Logging the GROQ call back into your Arize traces

The reason this pairs well with an observability practice: the Context MCP tool call and its result are legible. When the agent calls the MCP endpoint, you get a tool span with the exact GROQ query as input and the returned documents as output. Drop those into the same `retrieval.documents` attributes from the first section and they render in Arize exactly like any other retriever span, with per-document scores from `_score`.

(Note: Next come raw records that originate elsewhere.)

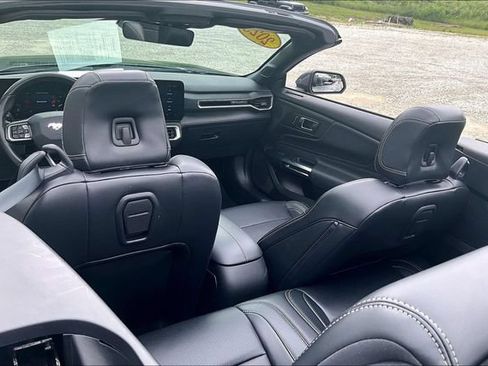 Used 2025 Ford Mustang Premium RWD image 32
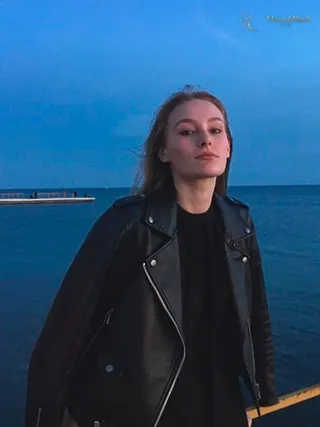 Another photo of VASILISA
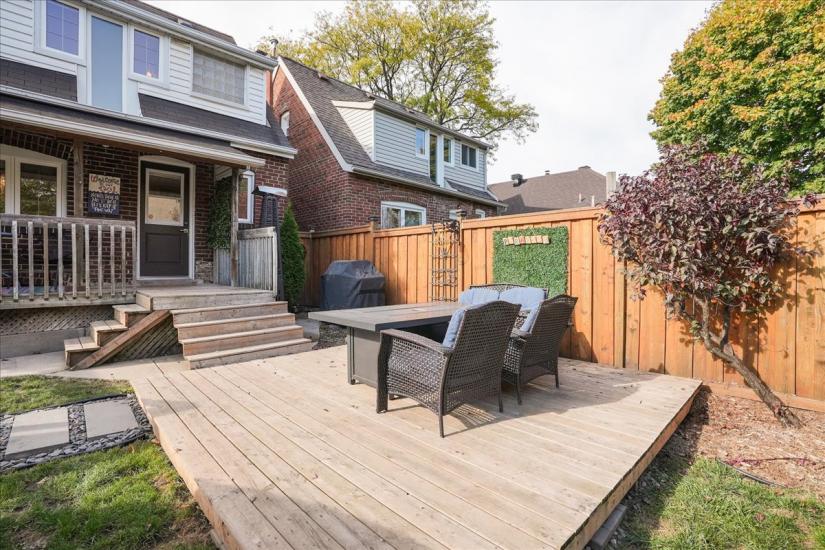 Property listing for 16 Paradise Rd. N., Hamilton, ON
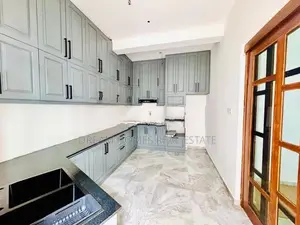 Modern 5 Bedroom Luxury House for Sale – Bellanwila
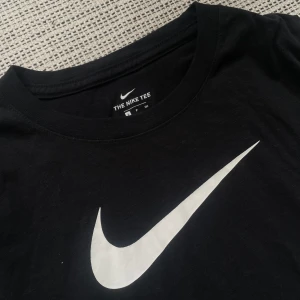 Nike t shirt  - Bara använd ett fåtal gånger, inga defekter 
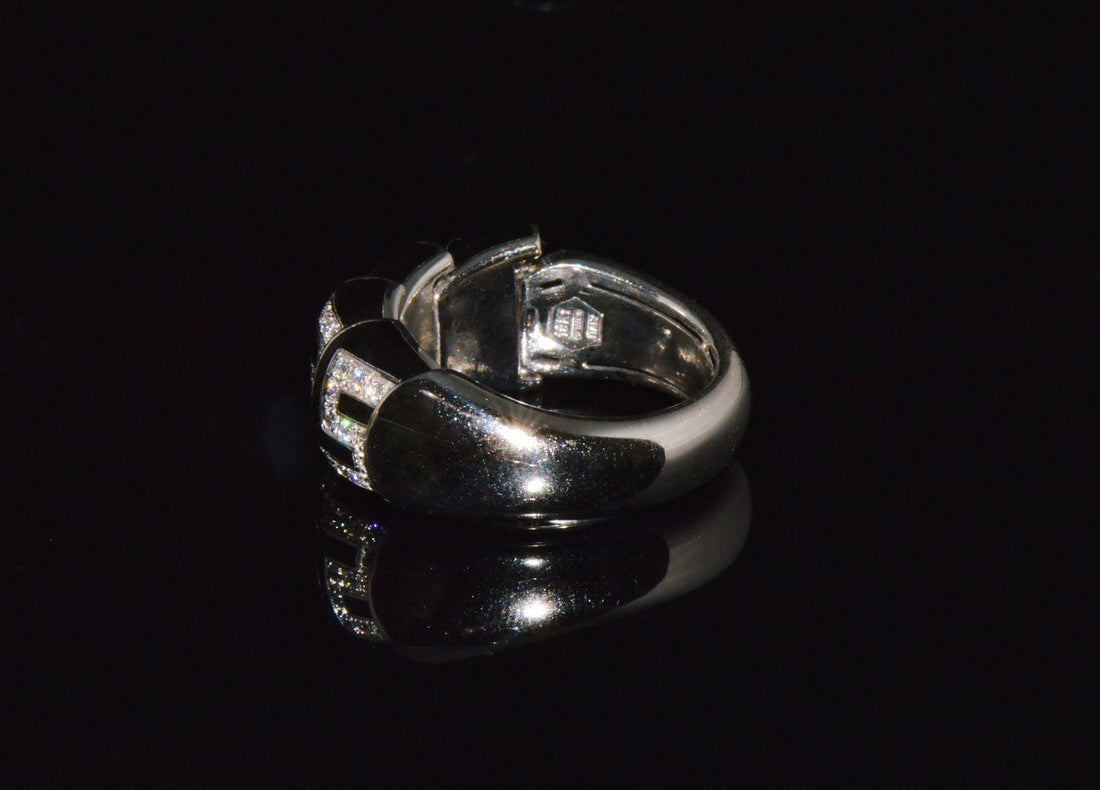 Vintage Roberto Coin Cobra 0.40CT Diamond Articulating Ring in Solid 18K White Gold
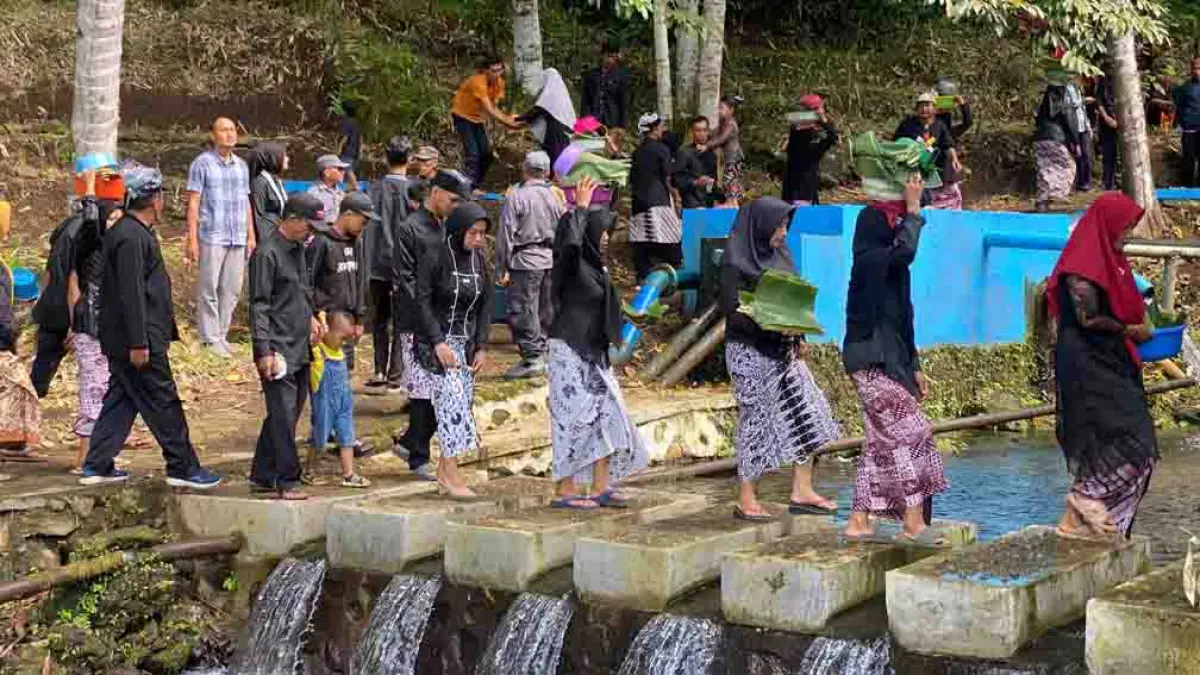 INI TAHUN LALU: Festival Ithuk-Ithukan Jopuro digelar 29 April 2026 di Glagah Banyuwangi. Sajikan tradisi syukur, kuliner khas, dan kearifan lokal. (Ramada Kusuma/Radar Banyuwangi)
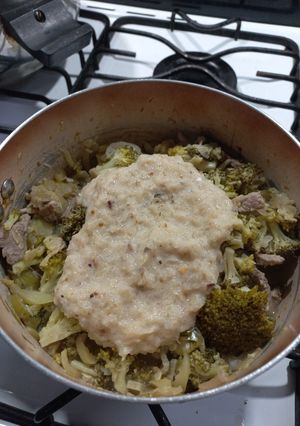 Una foto de Salsa de hinojo con queso untable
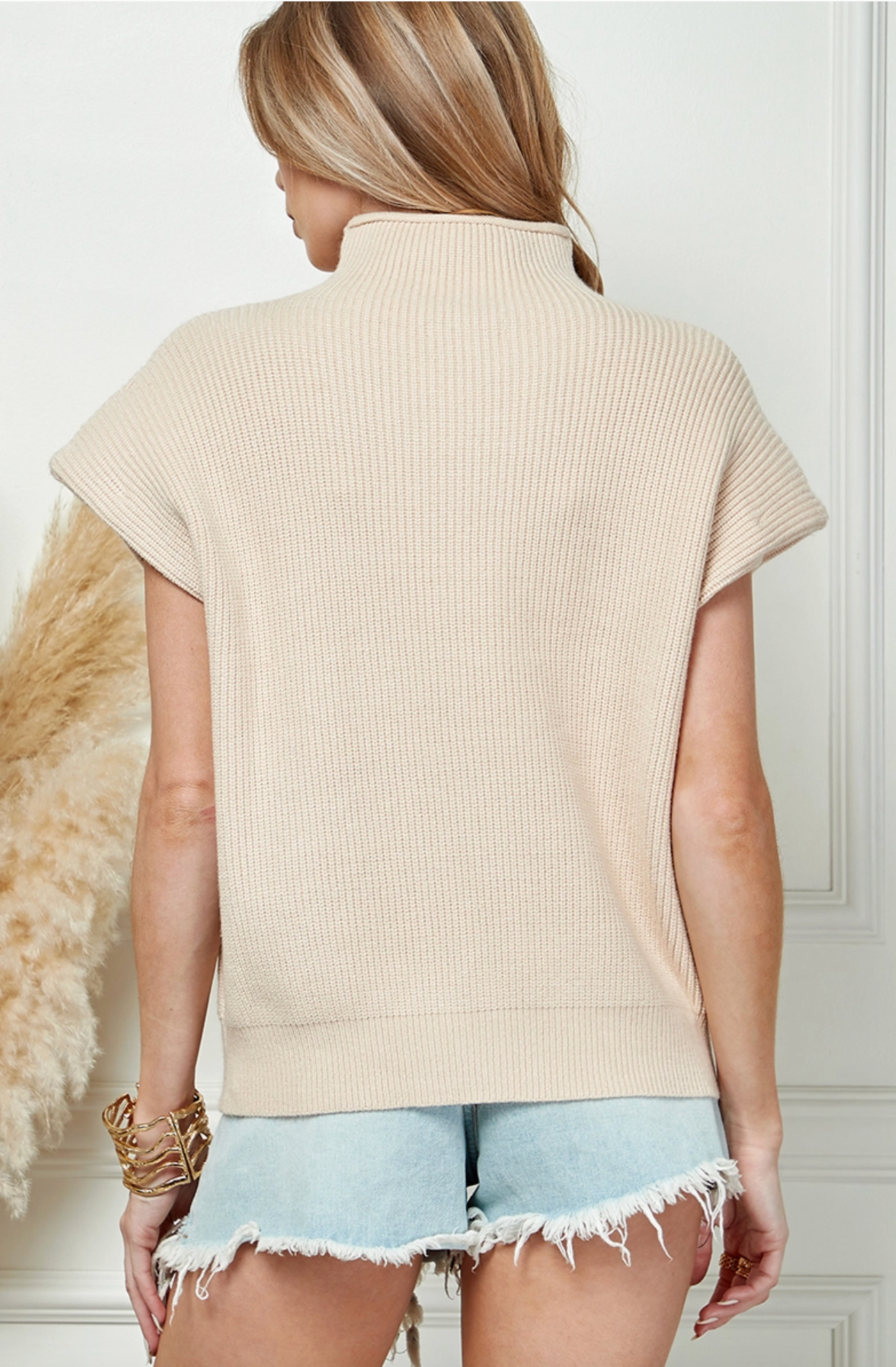 Wide Shoulder  Short Sleeve Sweater Top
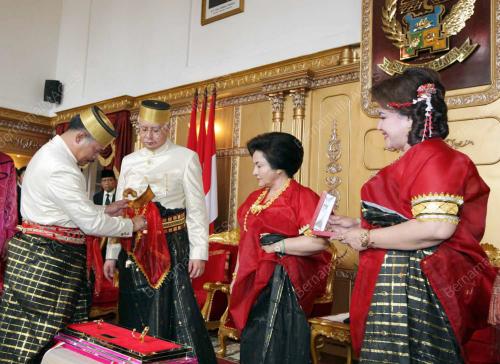 NAJIB TUN RAZAK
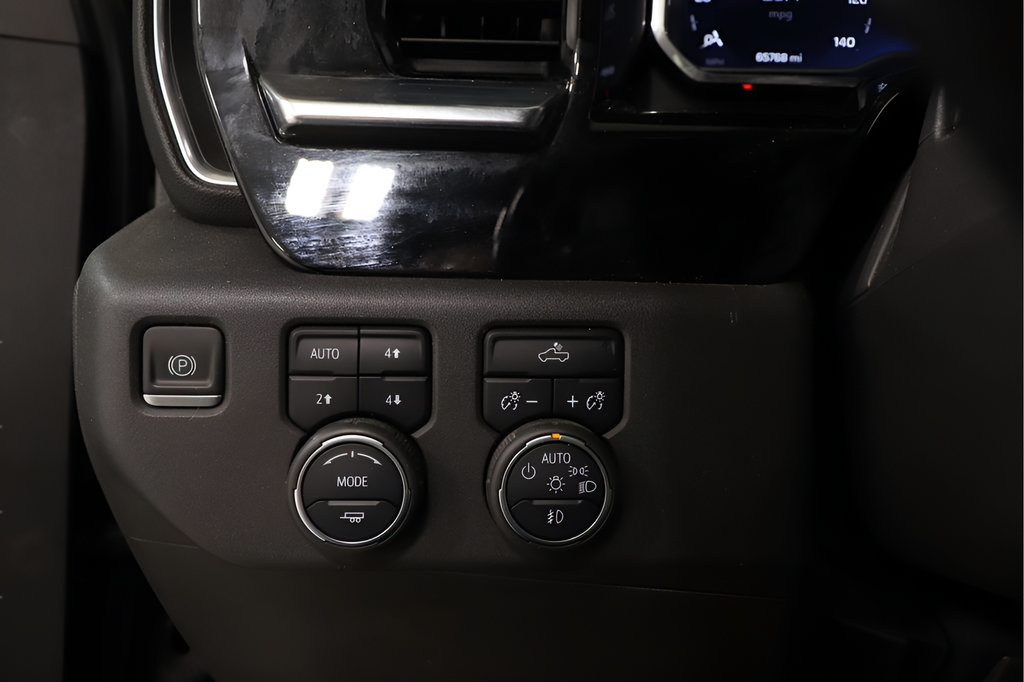 Used 2022 Chevrolet Silverado 1500 LT Trail Boss w/ Convenience Package II AWD/4WD image 15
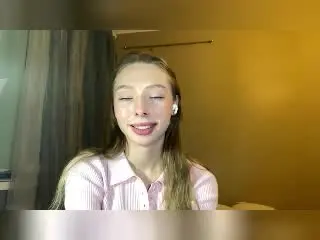 VivanWisseman  live sex cam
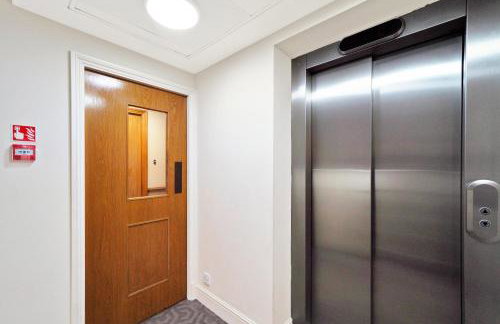 Luxury 3-Bed Apartment with Private Garden En-Suites & Underground Parking Prime NW6 London Location - Foto 23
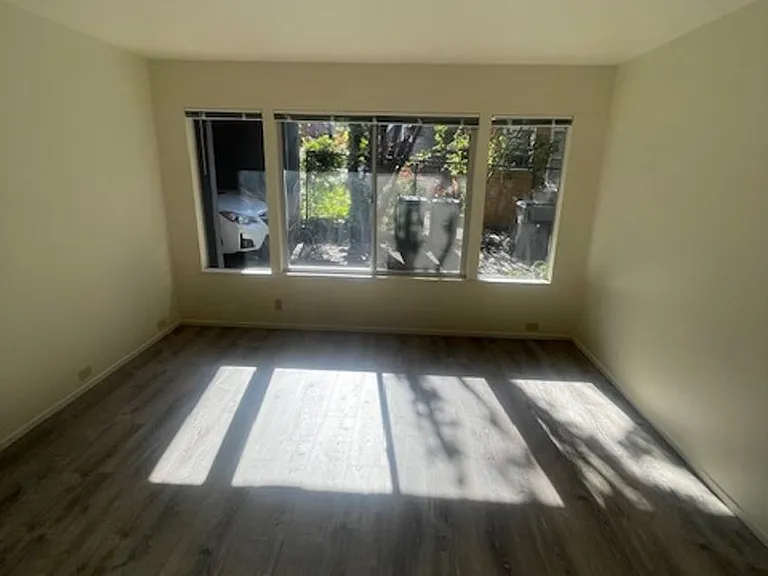 356 Jayne Ave — Photo 6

Now your trace tells the whole story. You can open a failed conversation, read the GROQ query the agent issued, see which documents came back and at what score, and run the relevance eval over them. If a document was wrong, you can tell instantly whether it was a filter problem (the predicate let something through it shouldn't have) or a ranking problem (the right document was retrieved but ranked below your cutoff). Those are two different fixes, and you can only distinguish them when the query and its scored results are both in the span.

The loop closes here. Arize tells you retrieval is failing and clusters the failures by pattern. The cluster tells you whether the missing piece is a structural predicate or a semantic match. A hybrid GROQ query through Context MCP, or a Knowledge Base for unstructured sources, supplies the retrieval that honors both. And because that call logs cleanly, your next Arize eval run measures whether the fix actually worked. The model was never the problem. The span you forgot to instrument was.

💡

Trace the tool call, not just the LLM call

When you attach Context MCP as a tool source, instrument the tool span the same way you instrument any retriever: put the GROQ query on input.value and the returned documents (with their _score) on retrieval.documents. That single habit turns retrieval from the least observable step in your agent into the most debuggable one in Arize.